# Clutch Problems 23k mi



## iTz SADISTIK (Apr 6, 2014)

Contact the GM reps on here and have them get involved


----------



## Patman (May 7, 2011)

If you are leasing the car, you are responsible for all maintenance to the car so if the clutch\brakes anything wears out, you are responsible for repairs or you will have to pay for it when you return the car. Check your lease agreement, but that is how leases have always worked. You may as well fix it otherwise you will be out not only a car but the cost of repairing one way or another. That also gets factored into the residual value of the car if you return/buy the car. The idea of leasing is a way for you to drive a new car without really owning it but you are responsible for the car regardless. So the manufacturer still owns the car but you are paying to drive/own it. As someone said previously the 3/36000 warranty only covers defective parts not worn out parts. 

Contact the GM Rep here and
Good Luck


----------



## iTz SADISTIK (Apr 6, 2014)

Otherwise, start looking at ways GM offers to get out of your lease and turn it over to them. I'm not saying it's morally right but a clutch at that mileage (unless you've driven track the entire time) is BS. There are programs sometimes offered to get out of it or other brands will offer to cover your lease. IDK, just look around. Personally, I wouldn't pay for it. I could understand rotors, brake pads, filters, fluids, chips/cracks etc but a clutch?!?!?! Shenanigans.


----------



## OaklandCruze (Jun 17, 2014)

yea it's crazy, i have just used it as a daily driver and it is my second manual. 

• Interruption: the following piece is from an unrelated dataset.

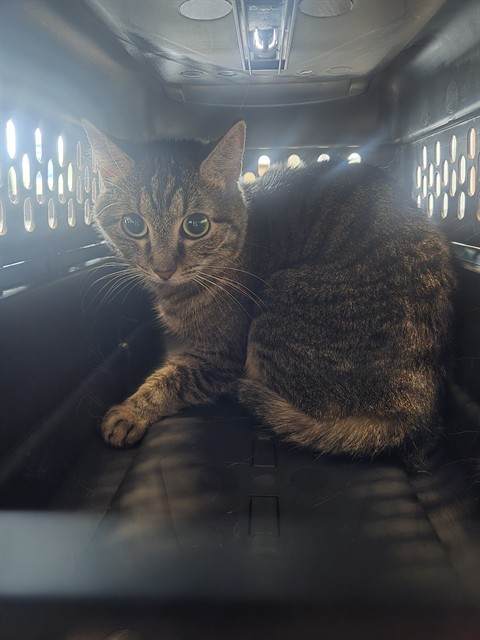 Shelter Stray Unknown Cat last seen BRYAN AVE/RUBICON, 92602, 6443 Oak Canyon, Irvine, CA 92618, USA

sorry i'm new to the forum, who is the gm rep?


----------



## iTz SADISTIK (Apr 6, 2014)

View Profile: Chevy Customer Care - Chevy Cruze Forum : Chevrolet Cruze Forums


----------



## OaklandCruze (Jun 17, 2014)

thanks


----------



## SneakerFix (Jul 28, 2013)

Your better off going to a small repair shop and having them replace your clutch and save some cash. Good luck but GM care can't help you much with this one.


----------